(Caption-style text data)

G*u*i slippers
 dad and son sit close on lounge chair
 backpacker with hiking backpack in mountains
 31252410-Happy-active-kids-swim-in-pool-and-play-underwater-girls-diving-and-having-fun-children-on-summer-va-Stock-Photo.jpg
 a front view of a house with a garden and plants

• PROBLEM:
Nothing should be changed: write out all of the data as is.

• RESPONSE AREA:
G*u*i slippers
 dad and son sit close on lounge chair
 backpacker with hiking backpack in mountains
 31252410-Happy-active-kids-swim-in-pool-and-play-underwater-girls-diving-and-having-fun-children-on-summer-va-Stock-Photo.jpg
 a front view of a house with a garden and plants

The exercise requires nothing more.